California Gov. Jerry Brown on Monday signed into law a landmark bill that phases in a $15 per hour minimum wage across the Golden State by 2022.
At a press conference in Los Angeles, Brown said raising the minimum wage may not make sense economically, “but morally and socially and politically it makes every sense because it binds the community together.”
It’s a matter of economic justice, Brown said. “And it’s about people. It’s about creating a little, tiny balance in a system that every day becomes a little more unbalanced.”
Brown noted that there’s “a lot of anger” in the presidential campaign.
“It may have many sources,” he said. “But one of the sources simply is the way the average American is treated in this economy. Today, we do something about that.”

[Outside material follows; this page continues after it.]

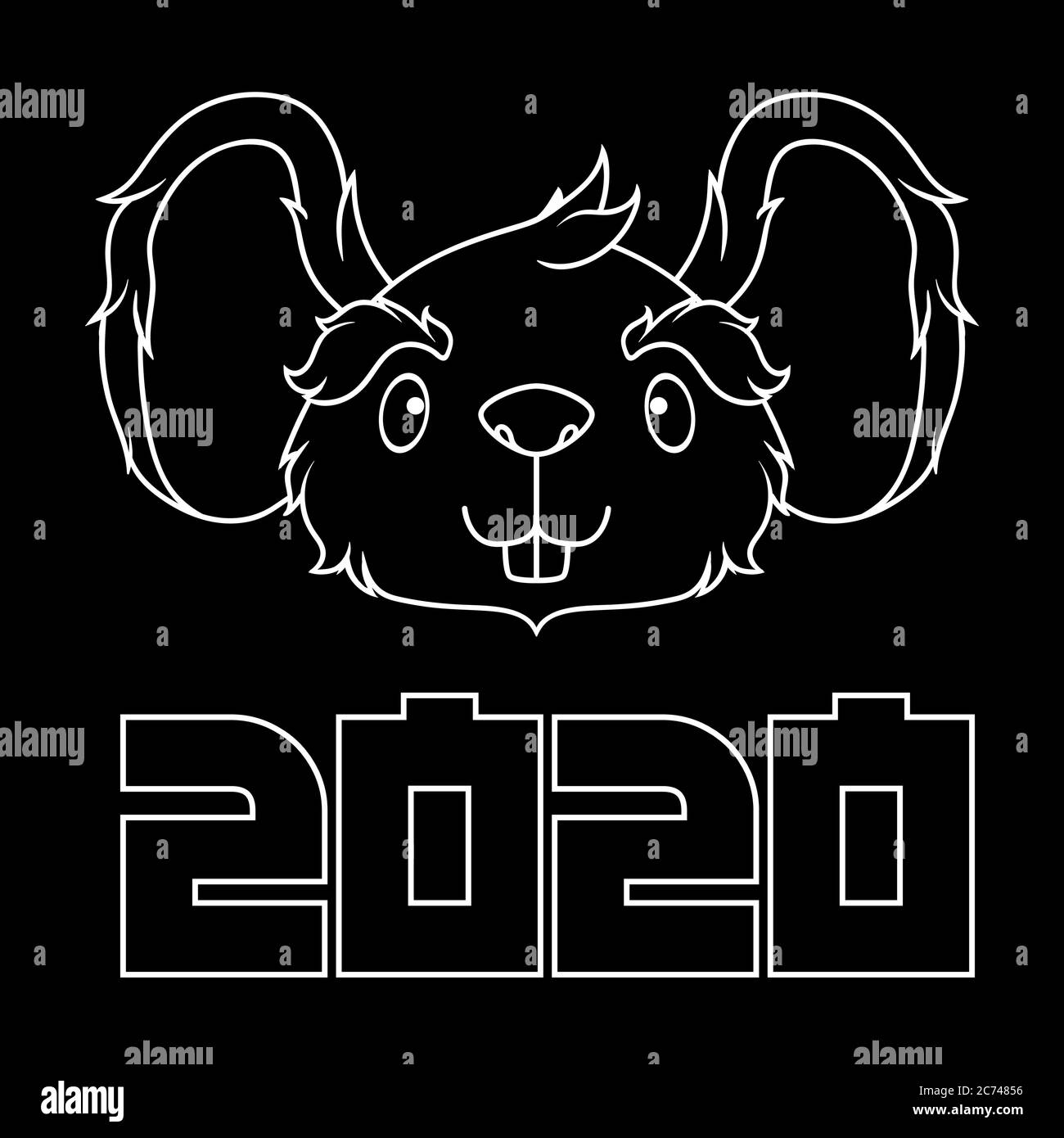 Contour blanc d'un rat de dessin animé au-dessus des 2020 chiffres, nouvel an Illustration de Vecteur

The California Restaurant Association in a statement last week called the bill a “hastily crafted” effort that was “pushed through with no regard for the many negative consequences this measure will create. Such a dramatic wage hike will force business owners in our industry and many others to make tough choices, such as cutting hours, eliminating jobs or even closing our doors.”
Brown also gave credit to the Service Employees International Union, or SEIU, which last month struck a deal with state lawmakers on the increase after successfully qualifying a proposed minimum wage hike to the state ballot.

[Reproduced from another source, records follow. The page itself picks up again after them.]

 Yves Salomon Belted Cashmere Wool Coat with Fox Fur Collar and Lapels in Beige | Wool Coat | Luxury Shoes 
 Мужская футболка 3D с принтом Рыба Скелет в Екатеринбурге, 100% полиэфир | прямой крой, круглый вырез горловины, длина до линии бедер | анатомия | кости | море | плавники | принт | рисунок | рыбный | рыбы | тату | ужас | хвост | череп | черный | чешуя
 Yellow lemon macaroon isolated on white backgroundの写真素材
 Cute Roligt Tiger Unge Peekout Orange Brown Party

Without that “thrust,” Brown said, “We probably wouldn’t be here today.”
Senate Bill 3 sailed through the legislature last week.
Under the bill, the state’s minimum wage, which is currently $10 per hour, will increase to $10.50 per hour on Jan. 1, 2017, and to $11 per hour on Jan. 1, 2018, for businesses with 26 or more employees. At that point it will rise each year by $1 per hour until it hits $15 per hour in 2022.
Employers with 25 or fewer workers have an extra year during each step of the phase-in to comply.
The bill also includes safety valves, known as “off ramps,” that allow the governor to pause wage hikes if negative economic or budgetary conditions emerge, such as a forecasted budget deficit or negative job growth and retail sales.
Once the wage reaches $15 per hour, increases will then be tied to inflation and could be increased up to 3.5 percent each year.
State Sen. Mark Leno, who co-sponsored the legislation, said the bill signing was a major victory for the thousands of workers that have staged protests over the past few years in the “Fight for $15” movement.
Another round of protests are expected on April 14.
“When an idea’s time has come, there’s no stopping it,” Leno said. “And the Fight for $15’s time has come.”